At some point we noticed a security in the corner of
our little room. we started making faces at it.
Who’s watching anyway? We got up off our jail-like
bench and started dancing all over the place. I shook
my booty and stuck my tongue out. Carmen snapped her
fingers and did silly little dance steps. We sure
showed THAT camera. In the middle of our dance party
I looked out the window and noticed a T.V. in the next
room with the image of me and Carmen on the screen.
Crap. They’re recording us right there. And not
only that, but the new security guard was sitting in
her stiff chair trying to hold back her laughter.
God. Why’d I shake my booty?
My mornings were always pretty quiet before school.

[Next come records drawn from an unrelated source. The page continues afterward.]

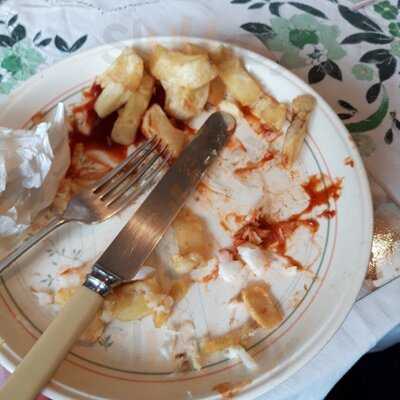 Echo's Fish And Chips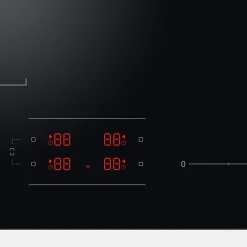 SAMSUNG Płyta indukcyjna NZ64B5046FK/U2 czarna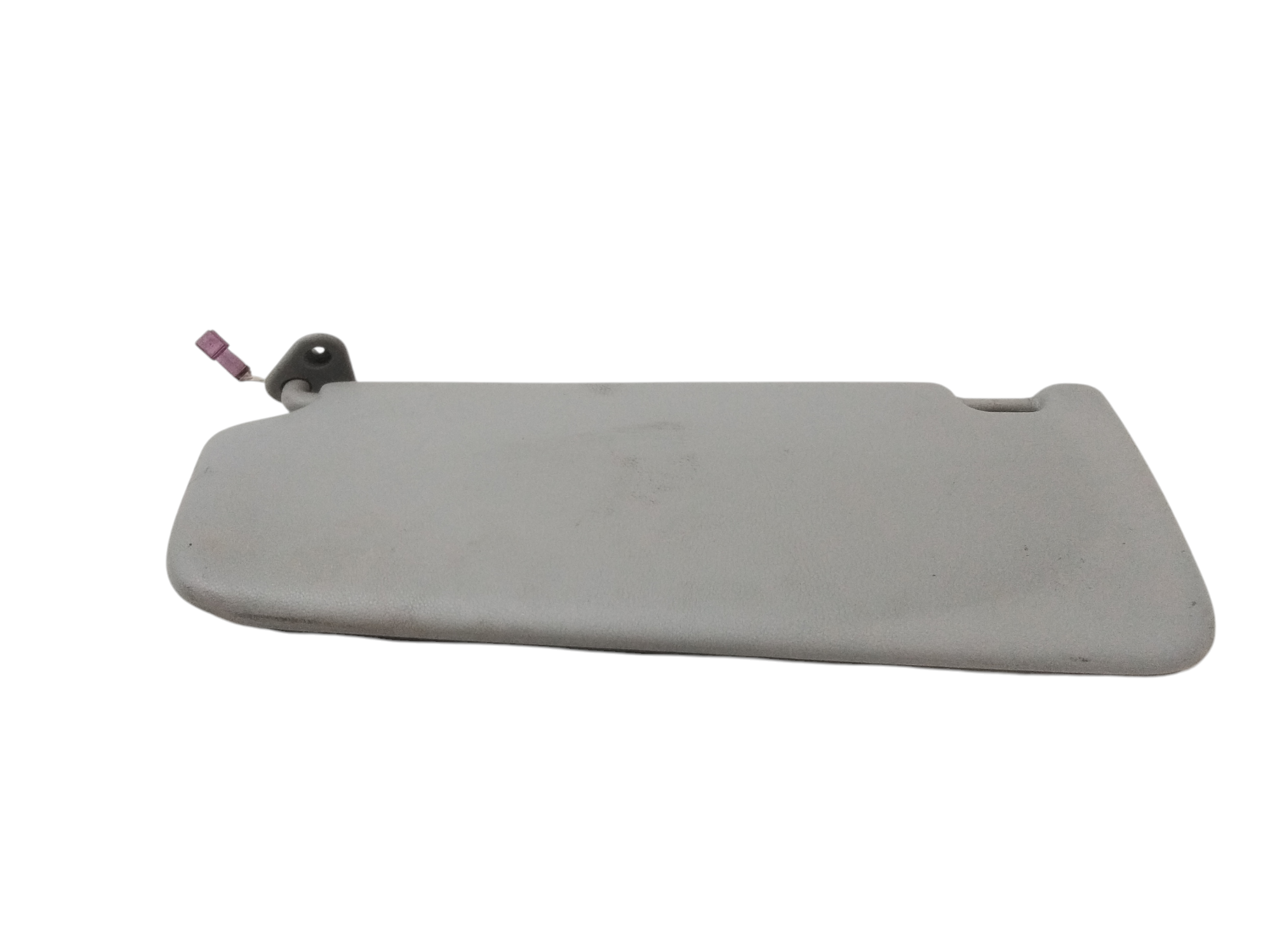 Parasole aletta Lato Passeggero per Bmw Serie 3 E91 Touring (2005 - 2008)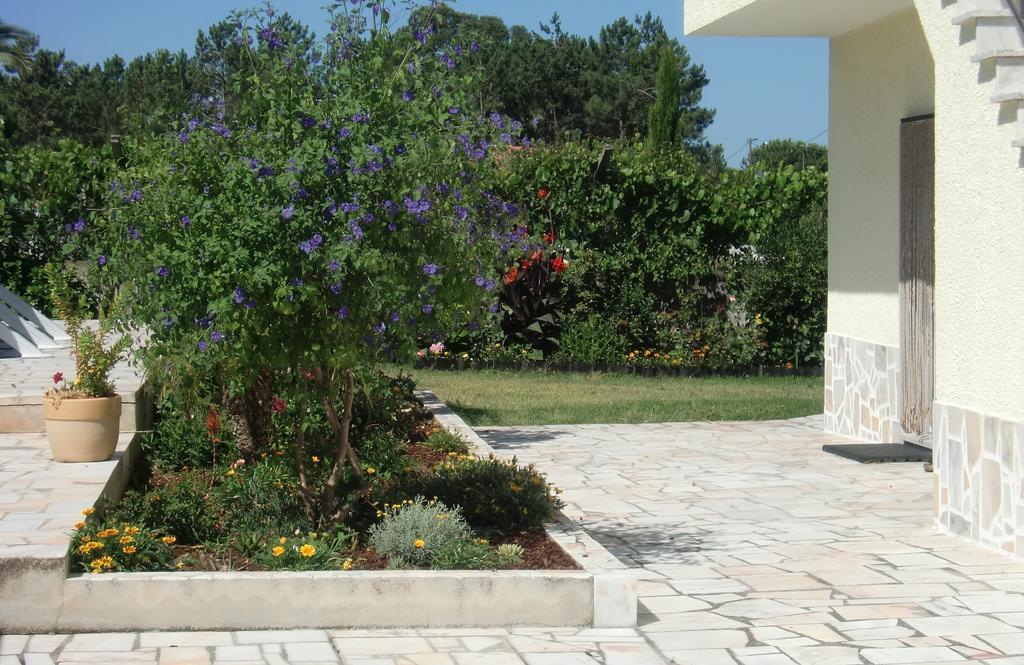 Quinta Da Harmonia Apartment Азейтау Екстериор снимка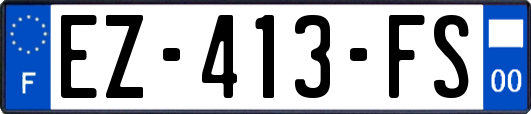 EZ-413-FS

My mom left before I woke p and my dad just sat in the
kitchen reading the paper while there was a whole
world going on in my room. Music, hair, eyeliner,
coffee, phone calls and clothes. I hear my dad stomp
down the hall. My shoulders rise and I hold my
breath; I automatically tense up because I know he’s
coming. He pounds on my door while he lets himself
into my room, looking all around even though I’m right
in front of him. “Breakfast is ready!” he says,
always just a little bit too loud, I think just to
bother me. I finish tying my shoe and head to the
kitchen as fast as I can, because I don’t want to piss
him off. There’s a little plate with a small pile of
eggs and two pieces of toast waiting for me.
“Thanks Pops.”
“You’re Welcome,” he says in this really weird tone.

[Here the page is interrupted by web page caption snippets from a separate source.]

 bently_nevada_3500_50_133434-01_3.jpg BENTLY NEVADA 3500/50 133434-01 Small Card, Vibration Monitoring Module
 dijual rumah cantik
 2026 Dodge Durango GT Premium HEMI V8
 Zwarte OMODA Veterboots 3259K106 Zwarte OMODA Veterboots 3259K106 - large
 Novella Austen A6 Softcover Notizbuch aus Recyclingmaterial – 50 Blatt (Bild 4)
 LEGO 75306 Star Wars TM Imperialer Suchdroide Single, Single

The “you’re” is stretched out and the “welcome” is
short and tune-like. God. That “you’re welcome” gets
me. It’s like he would do anything for me but act
like it’s no big deal. He could bring me back to life
after I got stuck in a burning building and he would
still respond with that no problem, no big deal,
you-know-I-care-about-you-but-I-don’t-want-to-say-it-out-loud
kind of “you’re welcome.” And the worst part is, I
can tell he doesn’t believe that I’m actually
thankful. He thinks I’m just saying the words because
that’s what I’m supposed to do. My dad doesn’t feel
genuinely thanked, and I don’t feel genuinely you’re
welcomed.
I finish my breakfast. As I get out of my seat the
chair scoots back, making a few thumps in our quiet
kitchen. My face burns and I glance up at my dad,
scared shitless he’s going to be pissed about the
noise. The water from the sink fills up my glass
quickly, but not as quickly as I drink it. My back is
to my dad, and all I want to do is get the hell out of
that room. I tilt my head back to get the last sip,
and I hear my dad’s sharp voice coming from behind me.
“You know...” he starts off slow, “do you think you
look good in that?” I let out an unsure grunt, not
knowing what to expect from him. “You don’t look good
in those pants. You’re not attractive.” Fuck. My
stomach felt sick; I could feel the tears coming. I
walked away calmly while my insides twisted and
shredded, not letting the man whose words stabbed me
see my face. I won’t cry in front of him. I won’t
let him win that power. I get to my room, feel my
tightly clenched face release, and let the tears fall.
It hurt so bad.
God. I hate myself. I hate these fucking pants. I
knew I had to wear them that day. I had prove to him
that I was strong and he hadn’t hurt me. I tried so
hard to convince myself that I wasn’t unattractive,
but it was impossible. My tears just got stronger and
heavier. I looked in the mirror and felt disgusted
with myself. I look fucking terrible. I’m stupid. I
punched my head and pulled my hair, trying to knock
his words out of my conscience. Why? Why am I
letting him win? But that’s just how it was. Just
once I wanted him to look at me without that hint of
disappointment in his eyes. Just once. I wanted more
than anything to please him; I wanted to be good
enough for him. That was the last time I wore those pants.